→ Requirement
Reproduce the records exactly. Leave the pictures out.

>>

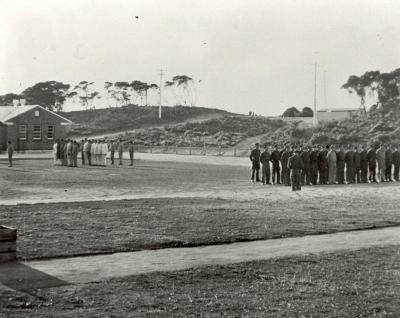 World War 2, Western Australia, Rottnest Island, Kingstown Barracks. Morning Parade. 6 Heavy Battery, Royal Australian Artillery and 5 Fortress Company, Royal Australian Engineers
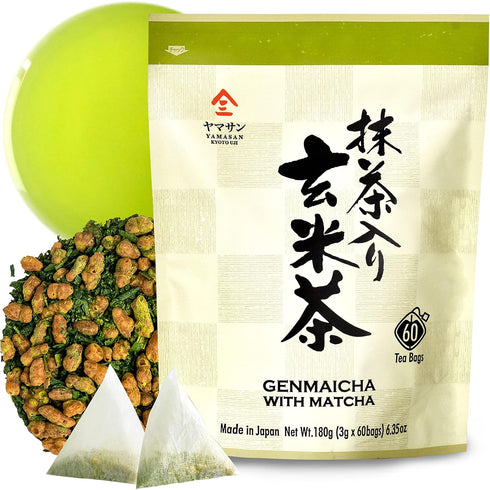 chaganju Genmaicha Green Tea with Matcha, roasted brown rice tea, Low caffeine,
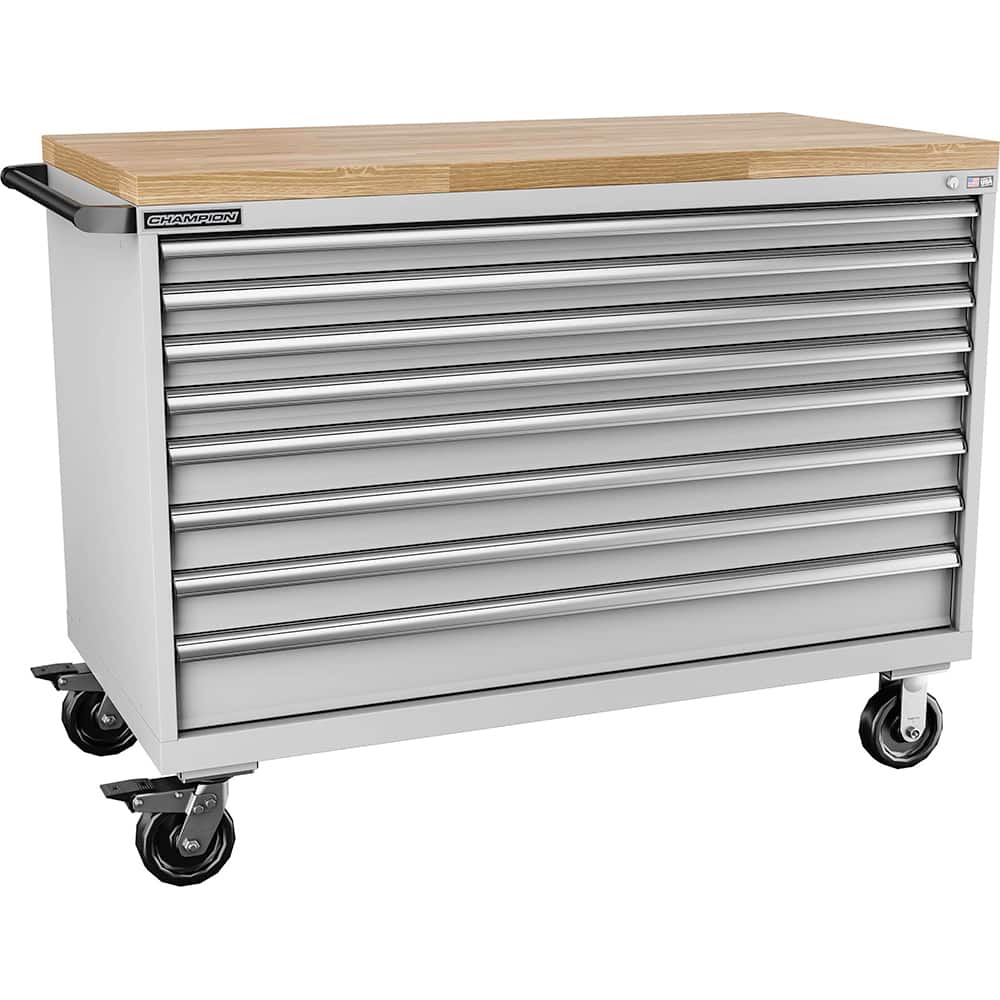Champion Tool Storage - Mobile Work Centers; Type: Standard Depth Butcher Block Top Cabinet ; Load Capacity (Lb.): 440.000 ; Number of Drawers: 8 ; Width (Inch): 56-1/2 ; Depth (Inch): 28-1/2 ; Height (Inch): 43-1/4 - Exact Tool & Supply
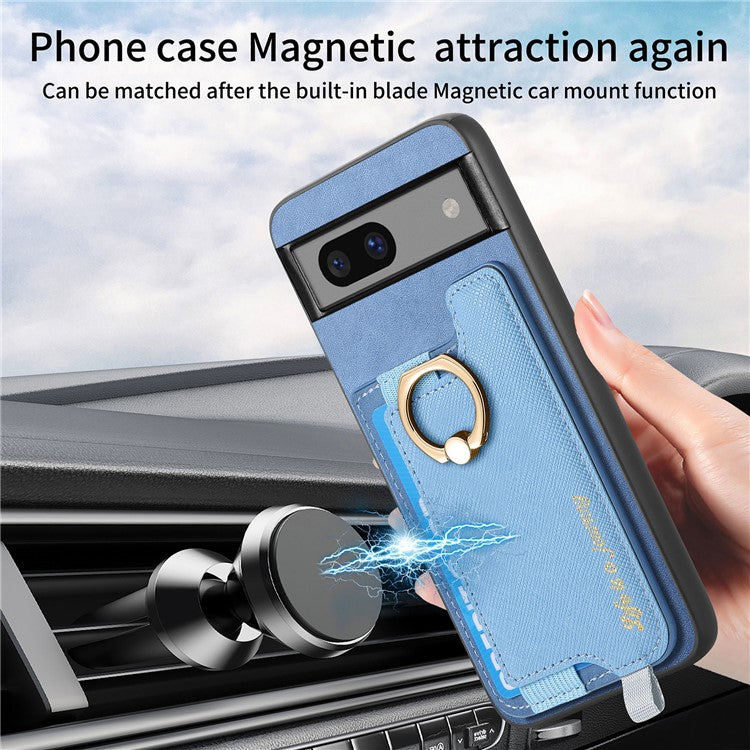 B5 For Google Pixel 7 5G Case 2-in-1 Magnetic Detachable Card Holder Leather+TPU Phone Cover - Blue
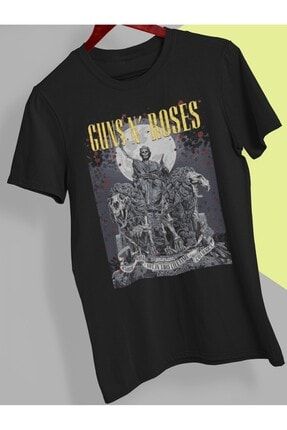 Owersize Tasarım Rock Poster Guns And Roses Baskılı Tişört PLBOST00109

<<

→ Task solution
 World War 2, Western Australia, Rottnest Island, Kingstown Barracks. Morning Parade. 6 Heavy Battery, Royal Australian Artillery and 5 Fortress Company, Royal Australian Engineers
 chaganju Genmaicha Green Tea with Matcha, roasted brown rice tea, Low caffeine,
Champion Tool Storage - Mobile Work Centers; Type: Standard Depth Butcher Block Top Cabinet ; Load Capacity (Lb.): 440.000 ; Number of Drawers: 8 ; Width (Inch): 56-1/2 ; Depth (Inch): 28-1/2 ; Height (Inch): 43-1/4 - Exact Tool & Supply
 B5 For Google Pixel 7 5G Case 2-in-1 Magnetic Detachable Card Holder Leather+TPU Phone Cover - Blue
 Owersize Tasarım Rock Poster Guns And Roses Baskılı Tişört PLBOST00109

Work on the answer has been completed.